If you have fibromyalgia, you’ve no doubt struggled with the chronic muscle pain and fatigue. But you may have also noticed another, less common symptom: esophagitis. Esophagitis is a condition where the lining of the esophagus becomes inflamed. There are a lot of different reasons that people with fibromyalgia suffer from esophagitis, including a condition called eosinophilic esophagitis.
So, what is eosinophilic esophagitis? What exactly is the link between esophagitis and fibromyalgia? And what can you do to treat it?
What Is Eosinophilic Esophagitis?
Eosinophilic esophagitis is a condition where the immune system begins to attack the lining of the esophagus. This is caused by a type of immune cell called eosinophils. These cells play an important role in destroying foreign bacteria and preventing you from getting sick. But they can also build up in the tissue of the esophagus, which leads to inflammation.
As the esophagus gets more inflamed, it can make it difficult to eat as the esophagus narrows. And it can also lead to chronic pain in the chest as the inflamed tissue is often very tender. The symptoms of eosinophilic esophagitis are generally pain in the esophagus and chest and difficulty swallowing.
There are a lot of different things that can cause the body to produce too many eosinophils like allergic reactions, skin condition, parasitic infections, and some forms of cancer. But the most common reasons that someone with fibromyalgia develops the condition is an autoimmune condition or something called gastroesophageal reflux disease.
Esophagitis and Fibromyalgia
Having fibromyalgia makes you more likely to suffer from gastroesophageal reflux disease (GERD), which is a condition where the acid in the stomach washes back up into the esophagus. Over time, this acid damages the lining of the esophagus. This causes immune cells to build up in the tissue, which over time can lead to eosinophilic esophagitis.
In addition, we know that having fibromyalgia also makes you more susceptible to autoimmune diseases. This could be behind the link between the two conditions since esophagitis is often caused by systemic autoimmune conditions. It’s hard to say why exactly fibromyalgia makes you more likely to develop autoimmune conditions. But the answer could be stress. We know that chronic stress makes you more likely to develop these kinds of conditions.
And it could be that the stress of having fibromyalgia might make you more likely to develop autoimmune conditions like esophagitis. But regardless of what the link is, if you’re suffering from the condition, you probably want to know how you can treat it.
How Can You Treat It?
The first step in treatment is getting a diagnosis. And the way that doctors usually diagnose this condition is a procedure called an endoscopy. Essentially, the doctor inserts a long, flexible camera down the esophagus to examine the tissue for signs of inflammation. In addition, the doctor can check the tissue for the presence of eosinophils.
There are a few different treatment options. The first is something called corticosteroids. Corticosteroids are a type of hormone that your body naturally produces in response to inflammation. The hormone signals your body to shut off the inflammation response. But doctors can also prescribe synthetic corticosteroids to help your body fight the inflammation.
In addition, doctors can prescribe something called a proton pump inhibitor. These medications reduce the amount of stomach acid that your body produces, which means that it won’t wash back up into your esophagus and cause further inflammation. Many patients respond positively to proton pump inhibitors and notice a marked decline in the severity of the inflammation and pain.

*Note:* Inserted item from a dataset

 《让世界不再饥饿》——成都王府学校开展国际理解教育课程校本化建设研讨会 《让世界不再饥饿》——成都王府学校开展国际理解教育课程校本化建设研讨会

In addition, there are a number of lifestyle changes you can make that will help manage your condition. The best thing to do is to focus on your diet. Eliminating certain foods from your diet will help limit the amount of stomach acid your body produces. Avoid chocolate, meat, and spicy foods, as they all trigger the production of acid in your stomach.

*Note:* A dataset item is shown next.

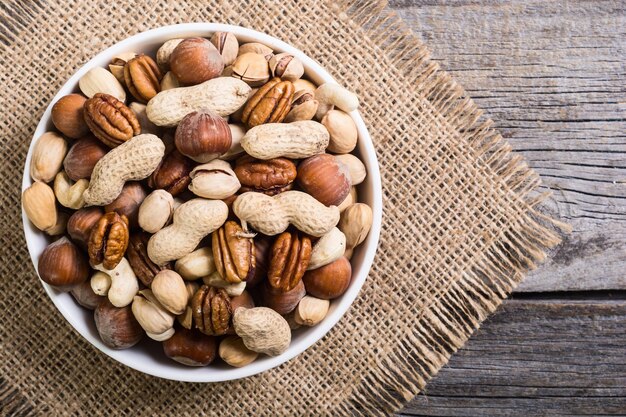 Mix van noten in bord pecannoten, hazelnoten, pistachenoten, cashewnoten en pinda's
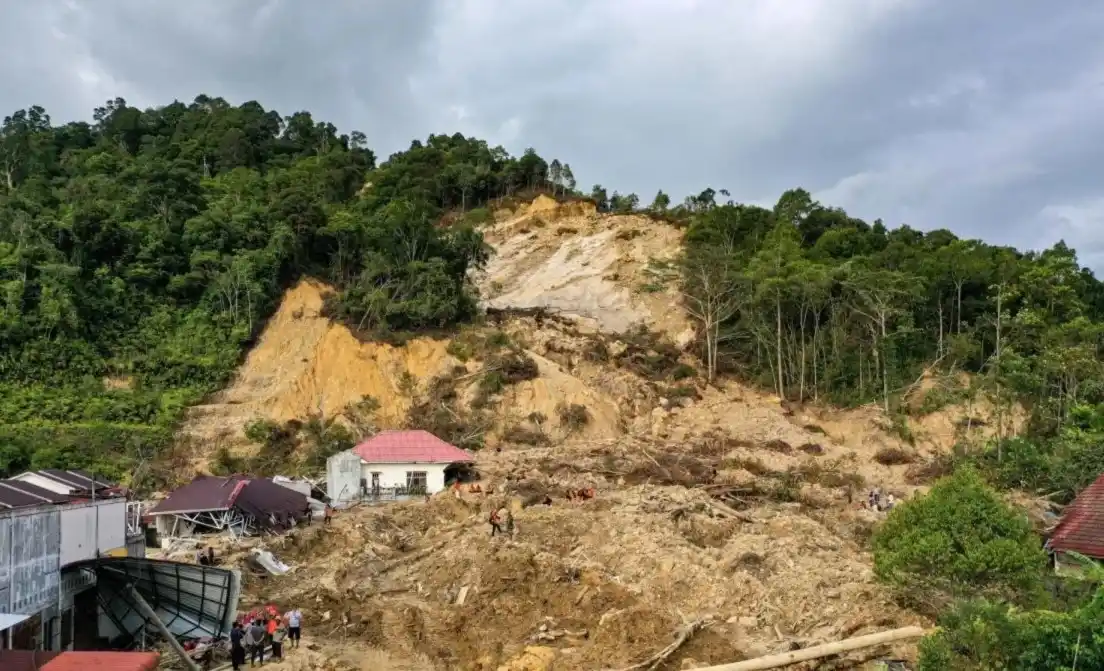 Ilustrasi: Suasana bencana longsor di Perumahan Matauli, Pandan, Tapanuli Tengah, Sumatera Utara, Sabtu (6/12/2025). Pencarian korban di wilayah tersebut mengalami sejumlah kendala diantaranya keterbatasan alat berat dan kelangkaan BBM. ANTARA FOTO/Muhammad Adimaja/foc.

Finally, losing weight is often an effective treatment. Maintaining a healthy weight and diet have been shown to significantly reduce the effects of esophagitis. Of course, getting enough exercise is hard when you suffer from fibromyalgia. The chronic pain and fatigue often leave you feeling drained. And too much exertion can trigger painful fibro flares. The best thing to do is to take it easy and start with a little bit of extra exercise and stop if you find it is too uncomfortable.